Some of BRT Energy’s customers include Vodafone Ghana and Globacom.
THE BATTERY CONVERSATION IN AFRICA
On our call, Diallo told me about a consortium of companies that BRT Energy is a part of. The consortium, called UNITED, was created by a group of for-profit companies that are focused on aligning with the United Nations’ Sustainable Development Goals such as poverty eradication, good health, and in BRT Energy’s case – clean energy.
Being a part of this group means that when the topic of lithium-ion batteries comes up in the larger battery conversation, BRT Energy does not partake in it. For good reason.
Lithium-ion batteries power most of our phones and some electric cars. However, the mining process for cobalt, one of the materials used in making these batteries, has been linked to child labour and child abuse, among other damning environmental factors.
Lithium-ion batteries are not reusable and are difficult to recycle. They contribute directly to Africa’s e-waste problem with no reasonable way to help the situation. Lead-acid batteries, on the other hand, are 99% recyclable.

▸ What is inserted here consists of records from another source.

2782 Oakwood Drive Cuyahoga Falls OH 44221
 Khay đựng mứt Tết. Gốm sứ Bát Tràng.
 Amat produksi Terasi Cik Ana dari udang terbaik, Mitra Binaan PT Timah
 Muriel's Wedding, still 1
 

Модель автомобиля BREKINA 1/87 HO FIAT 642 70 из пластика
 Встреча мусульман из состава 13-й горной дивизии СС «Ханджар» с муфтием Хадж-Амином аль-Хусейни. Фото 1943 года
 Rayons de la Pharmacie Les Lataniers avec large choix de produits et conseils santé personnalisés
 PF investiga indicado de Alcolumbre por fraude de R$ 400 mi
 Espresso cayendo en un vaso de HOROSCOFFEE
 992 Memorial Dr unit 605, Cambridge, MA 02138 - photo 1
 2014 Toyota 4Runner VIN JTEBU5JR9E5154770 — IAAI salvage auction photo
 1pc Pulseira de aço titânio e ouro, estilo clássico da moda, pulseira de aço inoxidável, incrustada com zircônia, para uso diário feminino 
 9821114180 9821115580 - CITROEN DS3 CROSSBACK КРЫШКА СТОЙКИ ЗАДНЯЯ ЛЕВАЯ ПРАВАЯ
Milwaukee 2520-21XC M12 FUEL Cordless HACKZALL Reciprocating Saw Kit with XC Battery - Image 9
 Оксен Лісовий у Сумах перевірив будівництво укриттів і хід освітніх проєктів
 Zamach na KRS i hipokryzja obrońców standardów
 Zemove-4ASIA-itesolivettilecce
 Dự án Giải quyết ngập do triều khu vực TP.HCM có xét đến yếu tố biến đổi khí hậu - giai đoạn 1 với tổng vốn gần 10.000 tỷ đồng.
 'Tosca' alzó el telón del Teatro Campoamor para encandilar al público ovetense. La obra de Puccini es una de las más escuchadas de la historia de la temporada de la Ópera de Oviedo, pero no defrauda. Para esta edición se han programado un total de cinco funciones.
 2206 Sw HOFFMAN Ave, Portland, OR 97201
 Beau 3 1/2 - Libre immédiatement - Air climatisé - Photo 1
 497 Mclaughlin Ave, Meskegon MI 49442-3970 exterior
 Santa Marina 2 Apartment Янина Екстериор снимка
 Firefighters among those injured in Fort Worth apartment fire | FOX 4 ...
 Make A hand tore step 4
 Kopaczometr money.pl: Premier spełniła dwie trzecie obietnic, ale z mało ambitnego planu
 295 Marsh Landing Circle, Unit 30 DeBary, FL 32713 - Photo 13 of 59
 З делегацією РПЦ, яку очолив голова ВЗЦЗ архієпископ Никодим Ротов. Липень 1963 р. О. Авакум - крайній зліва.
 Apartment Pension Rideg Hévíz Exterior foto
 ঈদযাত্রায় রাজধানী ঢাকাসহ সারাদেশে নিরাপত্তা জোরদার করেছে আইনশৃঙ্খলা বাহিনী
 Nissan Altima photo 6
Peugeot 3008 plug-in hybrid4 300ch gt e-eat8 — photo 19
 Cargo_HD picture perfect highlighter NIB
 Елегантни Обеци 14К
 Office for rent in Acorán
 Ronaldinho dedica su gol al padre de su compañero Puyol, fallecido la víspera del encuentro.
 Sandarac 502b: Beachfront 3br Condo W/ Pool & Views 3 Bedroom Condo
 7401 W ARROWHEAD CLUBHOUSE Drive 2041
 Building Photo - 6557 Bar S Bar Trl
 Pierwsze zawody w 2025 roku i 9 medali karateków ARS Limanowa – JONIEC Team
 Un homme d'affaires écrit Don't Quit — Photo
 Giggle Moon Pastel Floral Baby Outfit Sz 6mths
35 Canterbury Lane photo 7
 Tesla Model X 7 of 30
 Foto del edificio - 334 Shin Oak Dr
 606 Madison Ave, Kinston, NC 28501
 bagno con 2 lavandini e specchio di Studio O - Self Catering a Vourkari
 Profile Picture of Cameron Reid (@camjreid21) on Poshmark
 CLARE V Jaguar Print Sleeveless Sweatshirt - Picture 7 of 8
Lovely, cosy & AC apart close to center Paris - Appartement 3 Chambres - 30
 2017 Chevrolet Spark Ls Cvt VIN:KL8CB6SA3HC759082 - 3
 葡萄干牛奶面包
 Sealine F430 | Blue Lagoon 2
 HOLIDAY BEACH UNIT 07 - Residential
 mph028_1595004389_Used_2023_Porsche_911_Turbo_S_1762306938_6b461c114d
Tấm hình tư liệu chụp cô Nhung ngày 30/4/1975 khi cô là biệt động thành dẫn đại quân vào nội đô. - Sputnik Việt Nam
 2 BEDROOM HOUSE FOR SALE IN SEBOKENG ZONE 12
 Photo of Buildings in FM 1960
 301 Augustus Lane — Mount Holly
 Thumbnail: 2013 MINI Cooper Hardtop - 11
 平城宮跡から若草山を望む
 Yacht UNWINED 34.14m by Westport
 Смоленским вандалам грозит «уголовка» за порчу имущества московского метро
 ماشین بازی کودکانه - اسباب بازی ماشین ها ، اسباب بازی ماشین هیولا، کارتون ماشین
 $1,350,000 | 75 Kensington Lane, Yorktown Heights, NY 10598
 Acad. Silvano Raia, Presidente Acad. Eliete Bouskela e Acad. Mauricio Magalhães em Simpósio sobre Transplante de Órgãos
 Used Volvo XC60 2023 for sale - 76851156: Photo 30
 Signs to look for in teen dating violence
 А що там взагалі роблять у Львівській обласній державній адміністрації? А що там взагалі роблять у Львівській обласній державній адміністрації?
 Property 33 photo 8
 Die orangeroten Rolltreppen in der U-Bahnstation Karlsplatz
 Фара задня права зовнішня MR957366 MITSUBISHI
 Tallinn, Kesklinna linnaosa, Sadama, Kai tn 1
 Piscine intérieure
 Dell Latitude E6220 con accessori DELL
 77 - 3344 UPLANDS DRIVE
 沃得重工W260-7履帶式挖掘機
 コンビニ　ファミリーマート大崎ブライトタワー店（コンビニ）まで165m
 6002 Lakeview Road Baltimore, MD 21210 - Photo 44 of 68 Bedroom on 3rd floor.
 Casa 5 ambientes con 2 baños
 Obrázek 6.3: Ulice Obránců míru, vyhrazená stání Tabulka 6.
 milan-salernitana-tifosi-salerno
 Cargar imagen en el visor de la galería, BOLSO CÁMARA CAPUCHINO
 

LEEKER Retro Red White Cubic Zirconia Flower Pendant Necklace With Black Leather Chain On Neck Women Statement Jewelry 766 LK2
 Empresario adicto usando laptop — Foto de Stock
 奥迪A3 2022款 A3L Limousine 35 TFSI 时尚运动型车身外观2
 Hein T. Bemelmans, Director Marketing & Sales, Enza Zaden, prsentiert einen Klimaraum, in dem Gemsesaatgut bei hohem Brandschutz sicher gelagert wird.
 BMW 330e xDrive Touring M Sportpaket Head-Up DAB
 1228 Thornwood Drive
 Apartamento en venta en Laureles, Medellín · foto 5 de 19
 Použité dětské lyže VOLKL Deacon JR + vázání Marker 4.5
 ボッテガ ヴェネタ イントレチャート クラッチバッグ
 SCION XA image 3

It would seem like a no-brainer for people to reuse and recycle their lead-acid batteries but it is not very common and people often prefer to buy new ones and dispose of the old ones.
“This happens because, for example, a lot of the tower companies that rent to mobile network providers get kickbacks when they buy new batteries so they don’t want to refurbish,” Diallo says on our call.
There is also a need for people to be made aware of the dangers of constantly throwing away their lead-acid batteries; many of these dangers are environmental and deadly.
When we talk about the environment and batteries, we seem caught between a rock and a hard place.
Lead-acid batteries are cheap and can be regenerated or recycled. This is good for the environment. They, however, need to be regenerated properly and with strong guidelines that are barely followed in the west and not even enforced in Africa – this is bad for the environment.
Lithium-ion batteries last longer, which allows them to power electric vehicles easily. This is good for the environment. But their production involves unethical practices and while they can be recycled, it costs too much and they cannot be regenerated.
There are some advances being made in the world of battery production. Car company Renault and fuel cell specialist Plug Power recently announced that they would be working together to create hydrogen fuel cell electric vehicles.
Diallo is hopeful about new technologies and battery types created with the environment in mind.
“I give the new battery types 5 to 10 years to be fully developed. But with lead-acid, there is still a huge market in Africa.”
SO WHAT’S NEXT FOR BRT ENERGY?
Looking to the future, Marly Diallo says “Before now, we were operating as a startup. The plan for 2021 is to scale up and raise funds.”
The company recently partnered with a recycling company in Rwanda. This partnership will allow BRT Energy to regenerate batteries that can still serve a purpose or send out for recycling those that are beyond resuscitation.
BRT Energy is also partnering with Koolbox to provide Rwandans with solar-powered freezers. “Rwanda has electricity but the grid is still quite expensive so this allows business owners who transport perishable goods to do so without any issues.”
Ultimately, for Marly Diallo, seeking to make the lives of Africans easier is at the heart of the work being done at BRT Energy.
“The world is crazy enough and while we are a company hoping to profit, for me it’s not just about making money. It’s about looking at the bigger picture and seeing your impact. Are you making people’s lives better?”
I’m sure her tailor would agree that she is.